Ao escrever sobre As Mil e Uma Noites: Volume 2, mencionei a desistência momentânea do cineasta Miguel Gomes e seus co-roteiristas Telmo Churro e Mariana Ricardo de incluir alusões às “Mil e Uma Noites” originais, permitindo que seus contos sociais (cof, cof, cãozinho fantasma…) fluíssem de maneira orgânica e razoavelmente estruturada – apesar, como apontei, da precariedade de seus roteiros e atuações. Não que eu não goste da ideia de usar os contos de Xerazade como o centro narrativo de um projeto essencialmente fragmentado como este (e se você ler meu texto sobre sua primeira parte, verá que elogiei a proposta narrativa de Gomes, considerando-a não apenas divertida, mas também ambiciosa); mas é justamente a necessidade dos realizadores de conectar peças de quebra-cabeças diferentes que prejudicaram tanto O Inquieto, um filme que considero eficiente e intrigante, mas também extremamente problemático.

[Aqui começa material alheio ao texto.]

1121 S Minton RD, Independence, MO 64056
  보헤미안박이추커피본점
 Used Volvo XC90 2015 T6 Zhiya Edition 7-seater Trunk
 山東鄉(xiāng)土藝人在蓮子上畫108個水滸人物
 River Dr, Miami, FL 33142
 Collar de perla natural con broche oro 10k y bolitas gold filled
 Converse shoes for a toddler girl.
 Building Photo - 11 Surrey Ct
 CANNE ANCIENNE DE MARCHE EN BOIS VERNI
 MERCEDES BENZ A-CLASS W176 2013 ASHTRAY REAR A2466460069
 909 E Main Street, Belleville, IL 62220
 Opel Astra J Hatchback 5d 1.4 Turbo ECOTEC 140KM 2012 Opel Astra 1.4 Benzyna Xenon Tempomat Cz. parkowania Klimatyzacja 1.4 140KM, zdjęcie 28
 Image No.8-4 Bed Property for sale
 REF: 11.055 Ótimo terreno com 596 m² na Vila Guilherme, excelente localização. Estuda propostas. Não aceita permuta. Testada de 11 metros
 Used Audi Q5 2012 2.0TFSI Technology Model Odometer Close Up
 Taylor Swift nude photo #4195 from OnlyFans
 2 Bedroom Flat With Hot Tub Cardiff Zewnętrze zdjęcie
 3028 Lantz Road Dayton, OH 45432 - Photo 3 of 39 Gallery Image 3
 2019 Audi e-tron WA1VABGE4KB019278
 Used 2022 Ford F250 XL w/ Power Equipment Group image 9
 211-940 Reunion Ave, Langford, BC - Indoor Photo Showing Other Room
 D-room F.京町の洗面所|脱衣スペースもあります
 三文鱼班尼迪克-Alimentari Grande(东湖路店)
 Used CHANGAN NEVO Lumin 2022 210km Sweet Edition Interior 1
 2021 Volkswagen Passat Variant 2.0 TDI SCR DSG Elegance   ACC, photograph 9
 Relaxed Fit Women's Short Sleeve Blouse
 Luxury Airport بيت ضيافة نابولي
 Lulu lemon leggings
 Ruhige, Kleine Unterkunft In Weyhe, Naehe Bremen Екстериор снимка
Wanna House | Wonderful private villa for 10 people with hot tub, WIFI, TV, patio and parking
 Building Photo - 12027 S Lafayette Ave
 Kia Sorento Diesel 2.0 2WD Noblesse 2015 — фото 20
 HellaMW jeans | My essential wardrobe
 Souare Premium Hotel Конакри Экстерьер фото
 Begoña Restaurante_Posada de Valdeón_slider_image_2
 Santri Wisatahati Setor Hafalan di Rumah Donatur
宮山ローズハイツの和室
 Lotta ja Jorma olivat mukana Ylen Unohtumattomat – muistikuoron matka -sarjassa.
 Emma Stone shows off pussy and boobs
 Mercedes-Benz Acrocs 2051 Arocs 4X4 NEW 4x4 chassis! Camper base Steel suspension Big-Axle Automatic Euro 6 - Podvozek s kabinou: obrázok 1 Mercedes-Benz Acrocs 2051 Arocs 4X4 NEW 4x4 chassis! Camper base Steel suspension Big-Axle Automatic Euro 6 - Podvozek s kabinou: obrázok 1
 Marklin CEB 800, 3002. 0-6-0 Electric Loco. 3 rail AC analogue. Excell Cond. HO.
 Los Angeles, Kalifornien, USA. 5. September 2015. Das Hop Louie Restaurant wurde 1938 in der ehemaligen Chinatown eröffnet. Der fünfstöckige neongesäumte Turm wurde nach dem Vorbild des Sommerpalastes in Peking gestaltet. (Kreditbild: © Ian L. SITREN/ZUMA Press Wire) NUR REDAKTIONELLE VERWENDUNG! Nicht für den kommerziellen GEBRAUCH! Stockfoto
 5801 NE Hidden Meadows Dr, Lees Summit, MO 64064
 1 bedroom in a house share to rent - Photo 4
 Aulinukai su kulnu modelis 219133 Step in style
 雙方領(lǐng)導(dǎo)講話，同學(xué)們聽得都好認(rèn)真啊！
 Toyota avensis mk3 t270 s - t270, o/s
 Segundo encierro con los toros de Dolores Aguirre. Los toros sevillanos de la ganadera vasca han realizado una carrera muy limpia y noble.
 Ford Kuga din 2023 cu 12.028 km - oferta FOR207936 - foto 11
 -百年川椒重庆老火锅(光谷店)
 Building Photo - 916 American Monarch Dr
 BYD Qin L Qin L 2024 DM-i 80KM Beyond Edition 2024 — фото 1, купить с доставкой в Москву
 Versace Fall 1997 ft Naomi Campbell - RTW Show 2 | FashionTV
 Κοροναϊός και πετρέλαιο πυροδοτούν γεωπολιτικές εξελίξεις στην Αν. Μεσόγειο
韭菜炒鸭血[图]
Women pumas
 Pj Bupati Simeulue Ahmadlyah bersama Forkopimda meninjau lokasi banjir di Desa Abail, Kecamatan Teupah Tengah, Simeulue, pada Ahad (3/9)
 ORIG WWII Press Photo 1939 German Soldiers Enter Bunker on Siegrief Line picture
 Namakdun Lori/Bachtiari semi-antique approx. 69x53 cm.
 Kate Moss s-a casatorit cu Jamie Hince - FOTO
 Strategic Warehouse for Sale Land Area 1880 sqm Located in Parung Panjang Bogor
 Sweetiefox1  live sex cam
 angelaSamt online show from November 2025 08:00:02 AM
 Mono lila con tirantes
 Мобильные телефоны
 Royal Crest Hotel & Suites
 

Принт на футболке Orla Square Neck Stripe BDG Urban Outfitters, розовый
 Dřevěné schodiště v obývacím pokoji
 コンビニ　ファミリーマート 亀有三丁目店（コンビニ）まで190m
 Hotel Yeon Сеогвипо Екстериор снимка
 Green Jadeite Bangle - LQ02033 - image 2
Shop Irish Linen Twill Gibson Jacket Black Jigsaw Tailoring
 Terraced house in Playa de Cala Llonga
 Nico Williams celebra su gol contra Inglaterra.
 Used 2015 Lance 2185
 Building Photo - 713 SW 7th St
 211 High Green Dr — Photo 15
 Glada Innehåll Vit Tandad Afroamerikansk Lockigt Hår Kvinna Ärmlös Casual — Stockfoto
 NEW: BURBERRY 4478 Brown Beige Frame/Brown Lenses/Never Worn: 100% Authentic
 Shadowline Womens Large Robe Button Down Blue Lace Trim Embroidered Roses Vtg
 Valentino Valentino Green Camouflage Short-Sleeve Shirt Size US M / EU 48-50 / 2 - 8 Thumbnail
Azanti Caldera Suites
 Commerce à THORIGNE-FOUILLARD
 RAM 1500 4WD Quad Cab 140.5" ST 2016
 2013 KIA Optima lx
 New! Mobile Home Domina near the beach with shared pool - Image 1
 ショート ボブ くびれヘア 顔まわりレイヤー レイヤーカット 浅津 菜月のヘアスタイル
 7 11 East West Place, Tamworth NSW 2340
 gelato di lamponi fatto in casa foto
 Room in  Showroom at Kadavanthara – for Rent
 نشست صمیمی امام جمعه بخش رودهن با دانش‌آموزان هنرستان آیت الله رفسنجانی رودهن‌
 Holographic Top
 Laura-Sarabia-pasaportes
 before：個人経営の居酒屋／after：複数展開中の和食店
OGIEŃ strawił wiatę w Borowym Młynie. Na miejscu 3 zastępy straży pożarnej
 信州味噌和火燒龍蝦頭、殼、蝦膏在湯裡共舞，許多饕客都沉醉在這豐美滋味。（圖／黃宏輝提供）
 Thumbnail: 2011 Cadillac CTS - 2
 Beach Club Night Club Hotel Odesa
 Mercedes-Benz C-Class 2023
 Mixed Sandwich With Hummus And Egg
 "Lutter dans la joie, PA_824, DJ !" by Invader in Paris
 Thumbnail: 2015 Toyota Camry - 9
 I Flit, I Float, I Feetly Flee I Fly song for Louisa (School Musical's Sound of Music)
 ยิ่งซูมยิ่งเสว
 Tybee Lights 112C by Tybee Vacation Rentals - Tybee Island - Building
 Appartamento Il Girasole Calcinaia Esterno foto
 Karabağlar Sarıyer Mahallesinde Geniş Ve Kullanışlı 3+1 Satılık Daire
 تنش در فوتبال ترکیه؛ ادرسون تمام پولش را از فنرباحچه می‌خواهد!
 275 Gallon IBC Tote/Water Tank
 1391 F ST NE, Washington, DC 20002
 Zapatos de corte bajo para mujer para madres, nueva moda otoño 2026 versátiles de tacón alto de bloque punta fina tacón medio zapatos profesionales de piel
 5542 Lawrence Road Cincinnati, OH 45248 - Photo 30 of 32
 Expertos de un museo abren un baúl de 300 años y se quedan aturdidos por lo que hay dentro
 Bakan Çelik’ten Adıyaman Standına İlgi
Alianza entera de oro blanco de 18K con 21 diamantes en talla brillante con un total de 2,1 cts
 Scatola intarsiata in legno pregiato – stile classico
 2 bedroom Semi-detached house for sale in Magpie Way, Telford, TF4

Assim, foi para minha surpresa que vi este Volume 3 ter início com uma longa sequência de mais de quarenta minutos focados na figura de Xerazade (vivida com uma sensualidade absurda pela deslumbrante Crista Alfaiate) e que – acreditem! – funciona extremamente bem em sua tentativa de modernizar os conflitos vividos pela personagem na história original – uma surpresa que foi imediatamente apagada pela decepção de ser obrigado, depois disso, a assistir a uma hora e meia de um longo, desinteressante e extremamente auto-indulgente (pseudo?)documentário sobre um grupo de homens cujo hobbie é treinar tentilhões para concursos de canto.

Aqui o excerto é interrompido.